Extracted material:
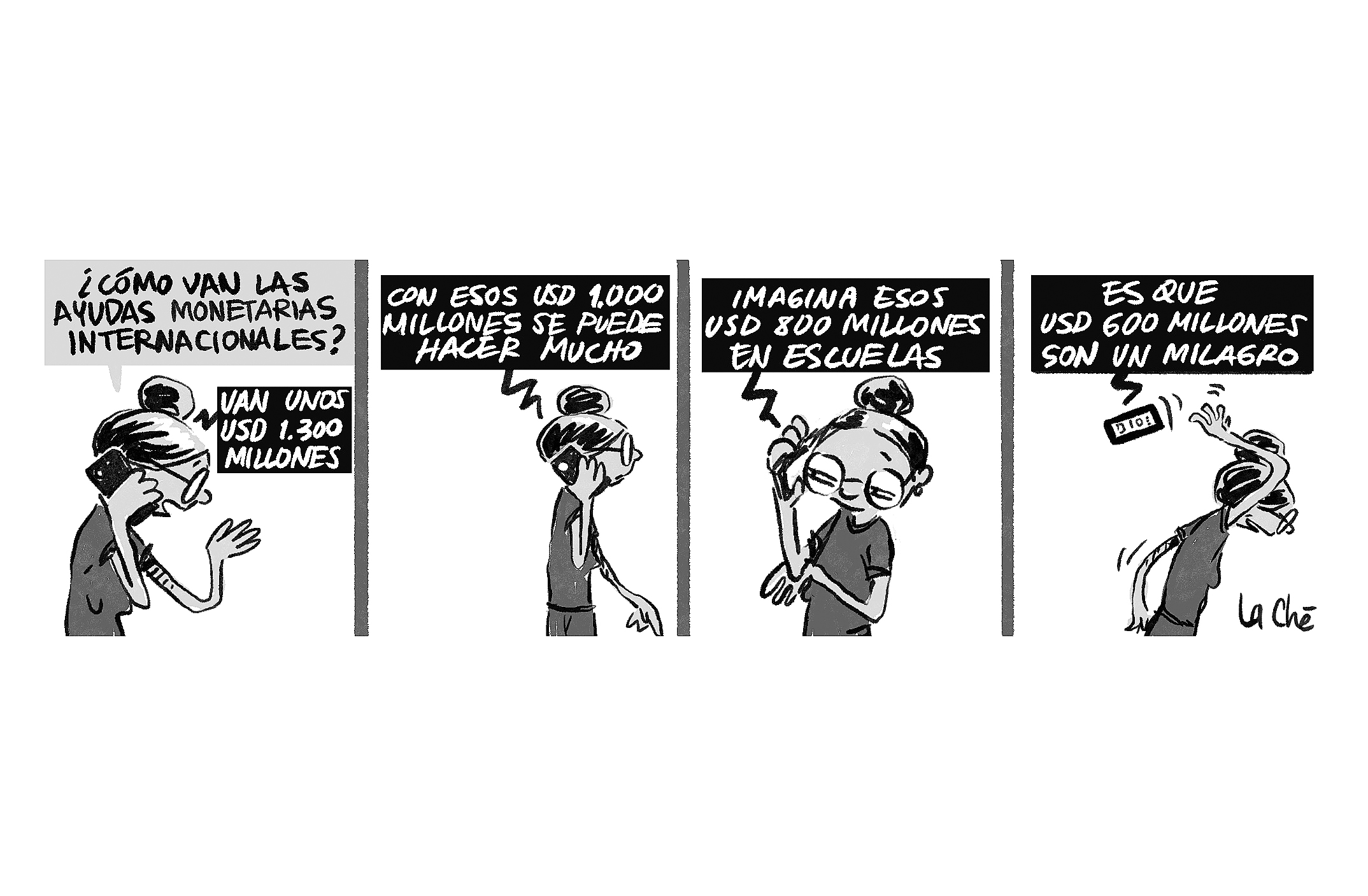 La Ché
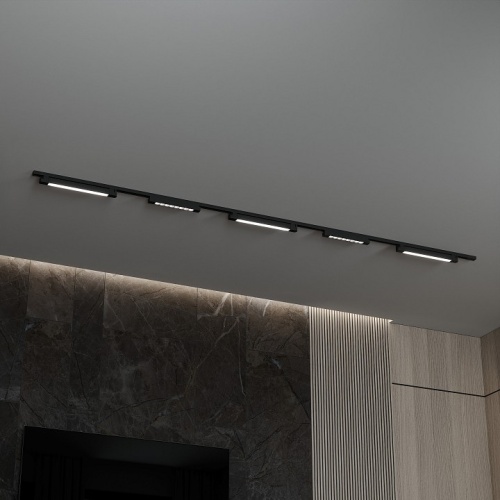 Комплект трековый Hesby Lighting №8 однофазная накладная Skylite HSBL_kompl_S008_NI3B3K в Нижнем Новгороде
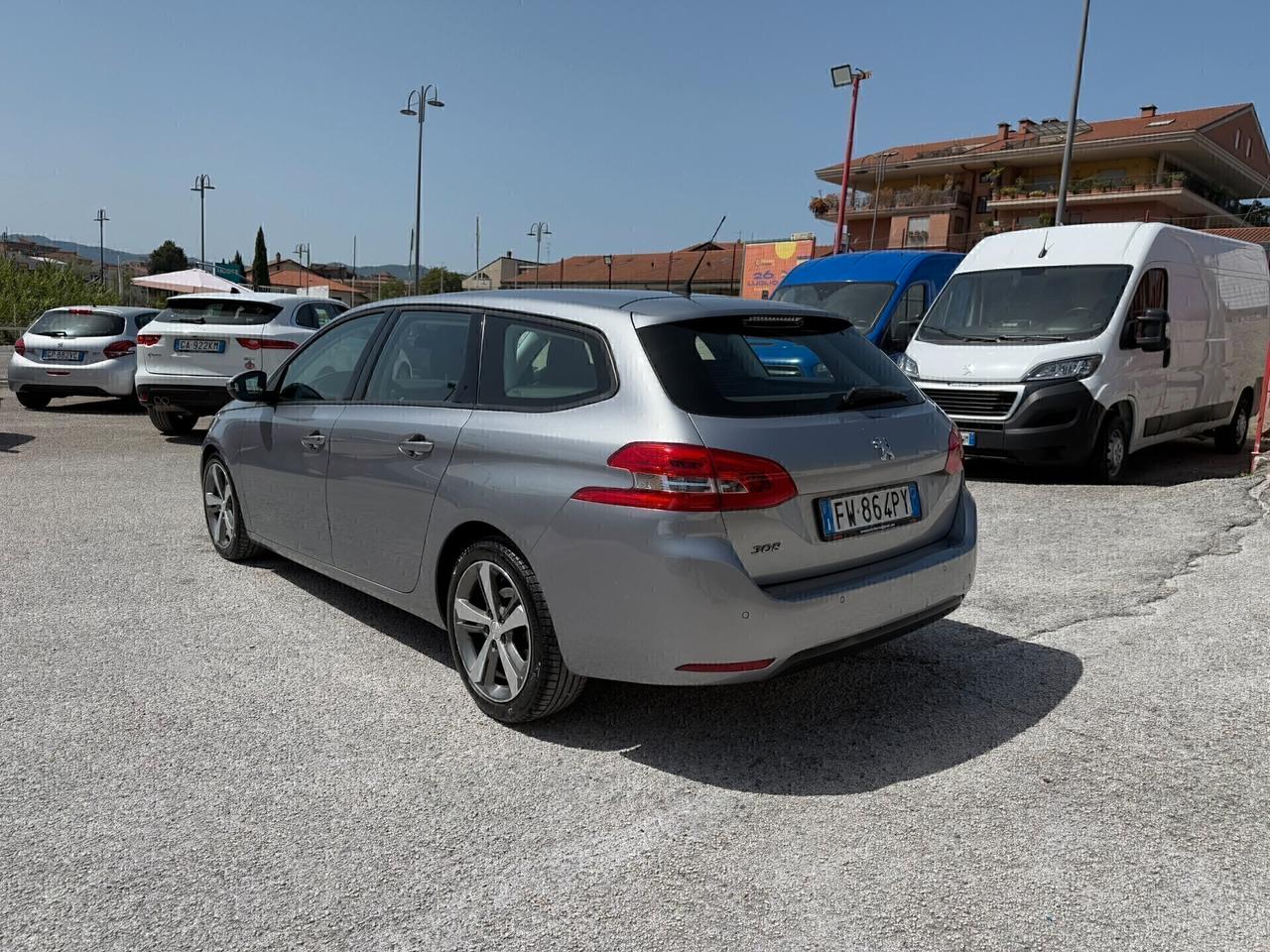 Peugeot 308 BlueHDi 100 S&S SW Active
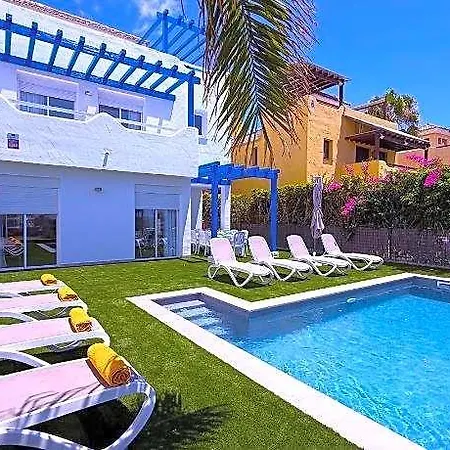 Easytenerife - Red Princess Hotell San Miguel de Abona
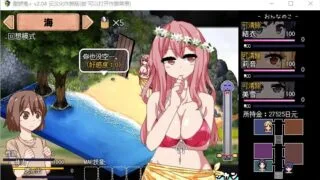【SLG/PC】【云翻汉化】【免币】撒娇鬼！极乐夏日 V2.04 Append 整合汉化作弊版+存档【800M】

What to work on: Going from the line with "Peugeot 308 BlueHDi 100 S&S SW Active" to the last line of the listing, write out each line exactly and nothing else. Leave out all pictures.

Solution:
 Peugeot 308 BlueHDi 100 S&S SW Active
 Easytenerife - Red Princess Hotell San Miguel de Abona
【SLG/PC】【云翻汉化】【免币】撒娇鬼！极乐夏日 V2.04 Append 整合汉化作弊版+存档【800M】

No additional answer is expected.